Some of the authors are overtly hostile to Big Ideas, grand narratives, and large-scale movements. One endorses a “militant or radical particularity, knowing a place in its fullness, with its contradictions, its conflicts, its questions, what it means to be a citizen in that place.” Several write strongly in favor of complexity, enduring relationships, listening, and questioning. The major authors whom they cite most frequently tend to be proponents of pragmatism, of learning from particular and personal experience, and of open-ended conversations: John Dewey, Miles Horton, Paolo Freire, Parker Palmer, C. Wright Mills. The one ideology that is discussed frequently is “neoliberalism”; but it emerges as a shadowy enemy without a specific parallel on the left.
I am sympathetic to these values and also happen to believe that none of the available ideological movements of the present moment is going anywhere. But I would note that the implicit strategy of community-based, open-ended, non-ideological, relational politics is very difficult. It is much easier to participate in politics if you can join a political movement that provides values, diagnoses, prescriptions, strategies, networks, inspirational stories, living leaders, candidates and party slates, regular news reports, organizational supports, cultural expressions (from songs to clothes), and potential career paths. If you have to make everything up by talking with diverse people in your own community, the cognitive and motivational demands are extreme.

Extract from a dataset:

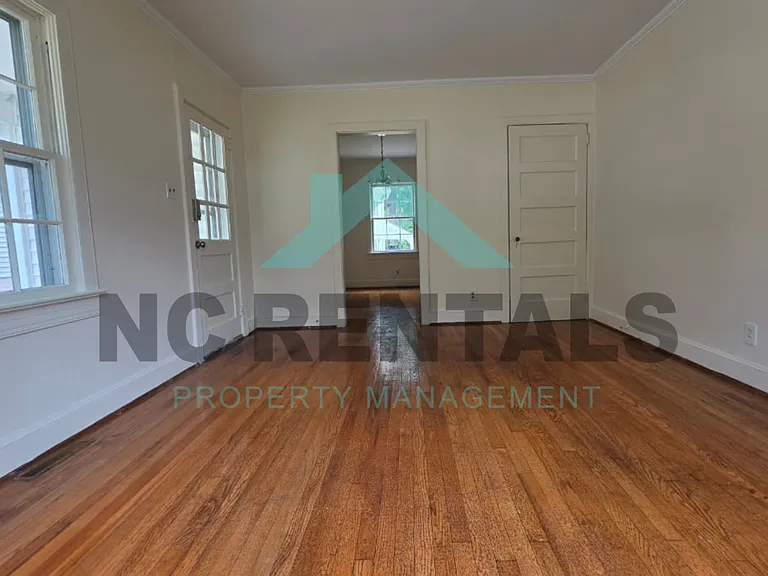 1313 Holman St — Photo 5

When we compare today’s student activists to their forebears, it is important to recognize that their world has dramatically changed because ideological movements have collapsed. Fifty years ago (early in the Kennedy administration):
- Some young activists associated themselves with Marxism, in one of its versions from revolutionary communism to Liberation Theology or European-style social democracy. Today, Marxism lives on college campuses only as scattered reading assignments.
- Other aligned with the liberalism of the New Deal and New Frontier. Liberal values have actually grown more popular among young Americans, but theirs is now basically a defensive or conservative posture, dedicated to protecting or possibly expanding the laws and institutions that were built between 1932 and 1968.
- Still others joined the Civil Rights Movement, then at its apogee and heading toward both triumph and disintegration.
- Rachel Carson’s Silent Spring was published in 1962, and some students were gravitating toward the nascent environmental movement, widely seen as in crisis in 2012.
- Just a year later, Betty Friedan published The Feminine Mystique, and by then some young people were beginning to create Second Wave Feminism. But in 2008, just 14% of Americans (of all ages) said that they considered themselves feminists. (PDF)
- Finally, a few activist students and faculty endorsed the libertarianism of Barry Goldwater and Milton Friedman. That movement remains vital today, but it draws only a small minority’s support.
Now we ask our young people to go into a community, listen, observe, and figure out for themselves what to do. We are asking a lot.